:: Exercise goal ::
Omit the pictures and return exactly the stretch of the material below from the line with "Star Studs-Red" through the line with "Borsa ISABELLA in".

:: Available data ::
• • • • • • •

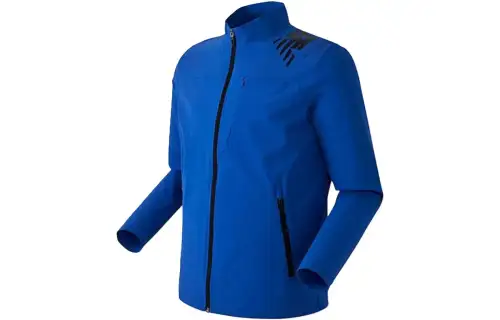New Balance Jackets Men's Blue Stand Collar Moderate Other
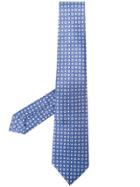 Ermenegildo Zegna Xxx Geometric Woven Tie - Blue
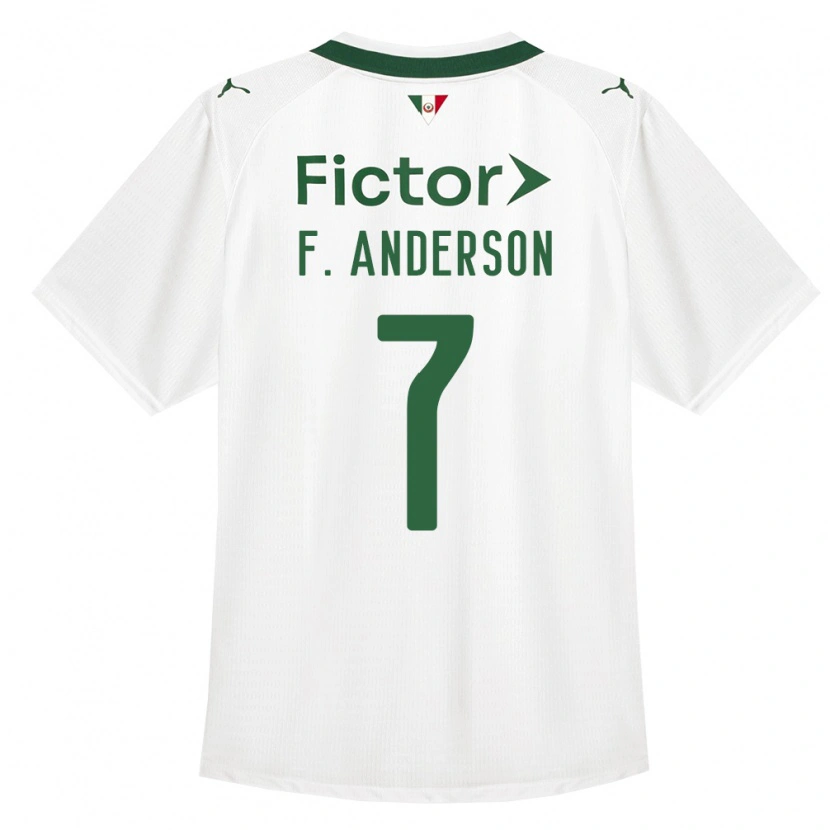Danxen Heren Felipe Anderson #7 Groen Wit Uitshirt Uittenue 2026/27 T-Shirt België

• • • • • • •

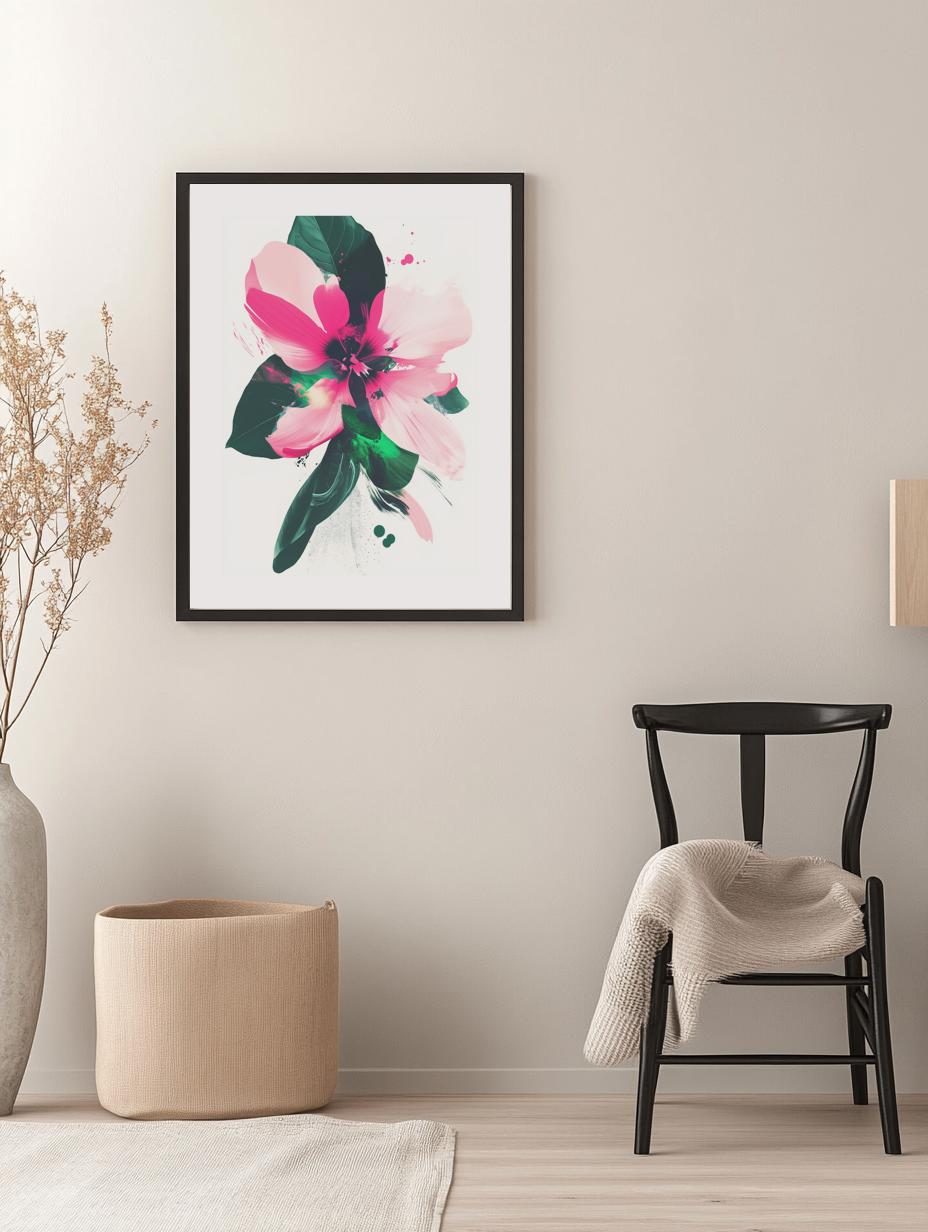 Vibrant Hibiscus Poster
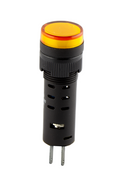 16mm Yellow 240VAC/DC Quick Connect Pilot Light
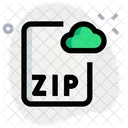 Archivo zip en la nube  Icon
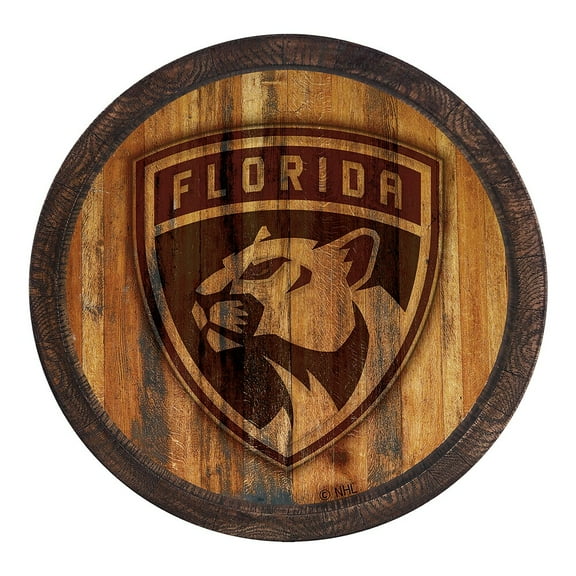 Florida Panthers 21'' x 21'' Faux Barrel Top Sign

• • • • • • •

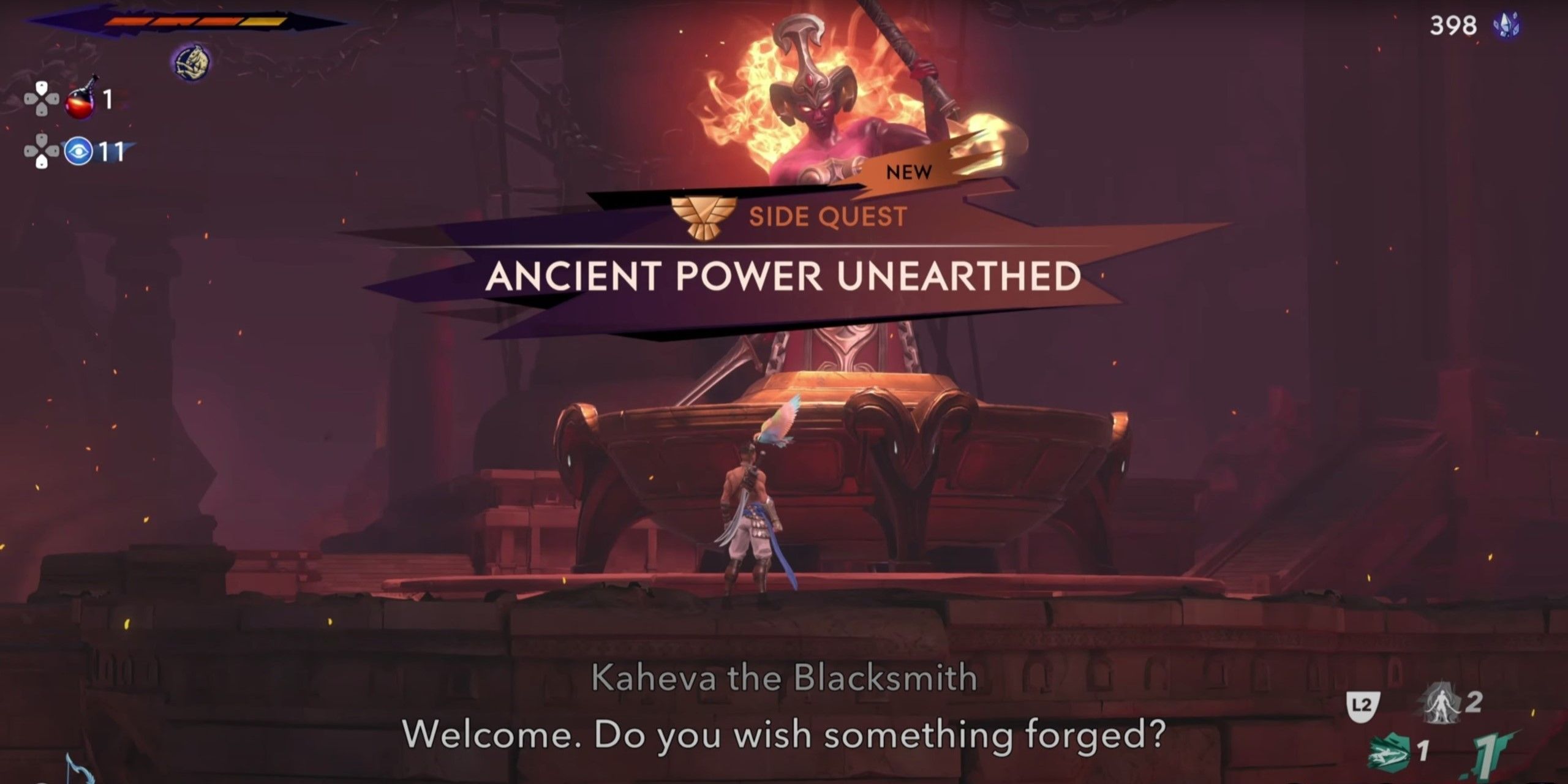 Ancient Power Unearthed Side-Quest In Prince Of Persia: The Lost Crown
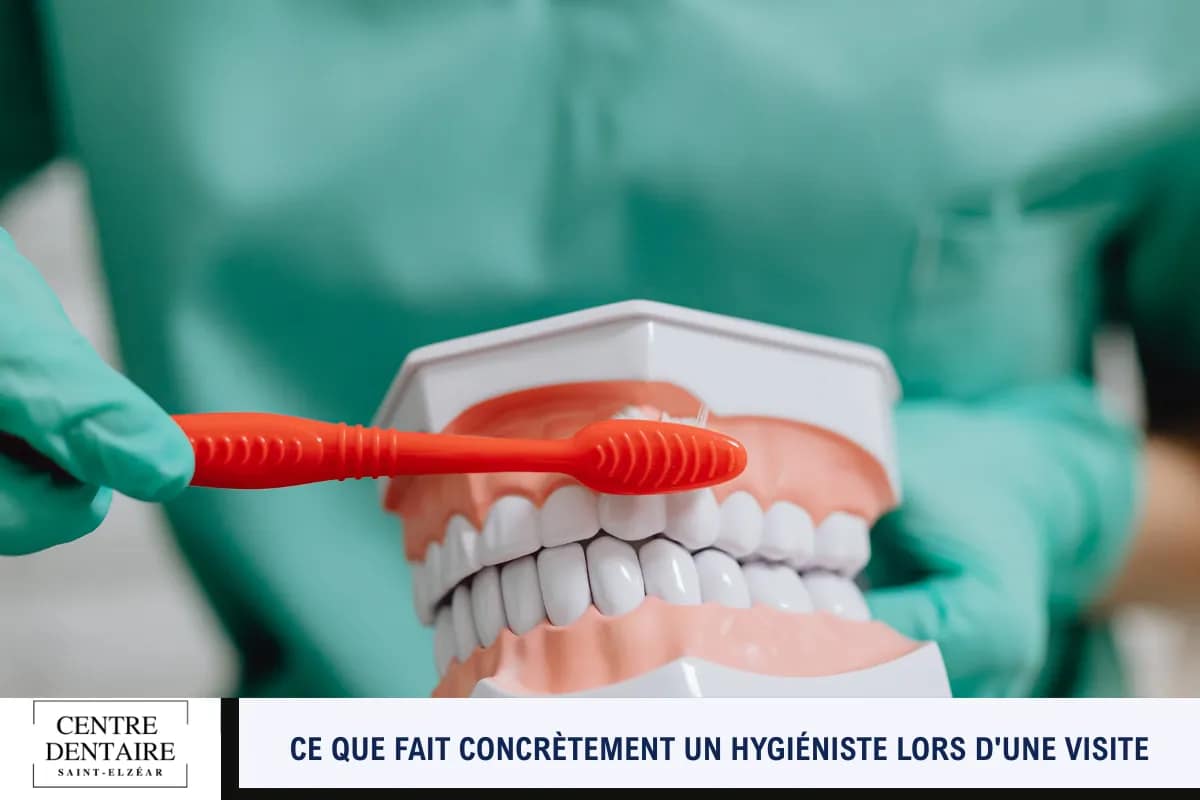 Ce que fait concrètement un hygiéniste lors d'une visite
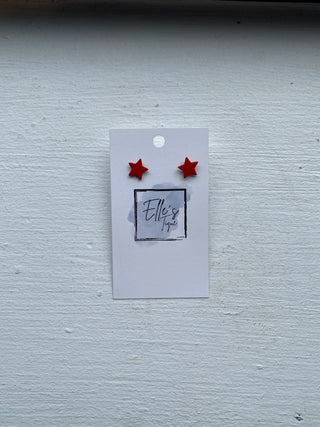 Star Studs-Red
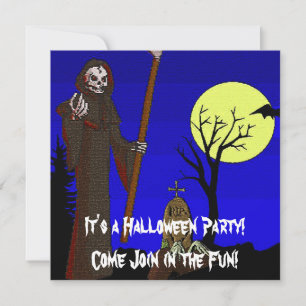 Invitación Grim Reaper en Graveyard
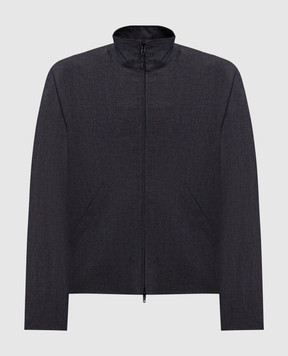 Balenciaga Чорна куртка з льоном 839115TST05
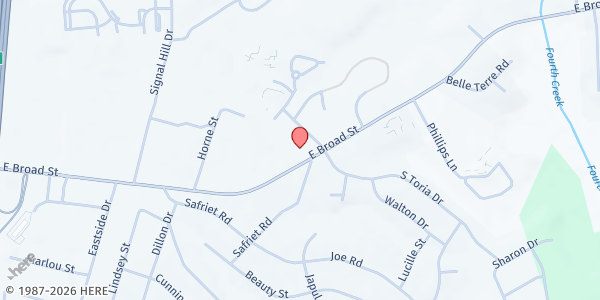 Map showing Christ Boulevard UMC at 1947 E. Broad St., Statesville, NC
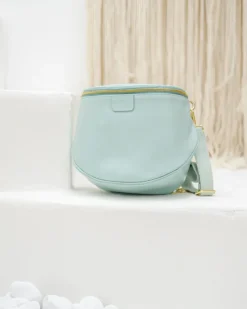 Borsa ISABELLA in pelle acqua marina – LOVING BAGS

• • • • • • •

:: Exercise result ::
 Star Studs-Red
 Invitación Grim Reaper en Graveyard
 Balenciaga Чорна куртка з льоном 839115TST05
 Map showing Christ Boulevard UMC at 1947 E. Broad St., Statesville, NC
 Borsa ISABELLA in pelle acqua marina – LOVING BAGS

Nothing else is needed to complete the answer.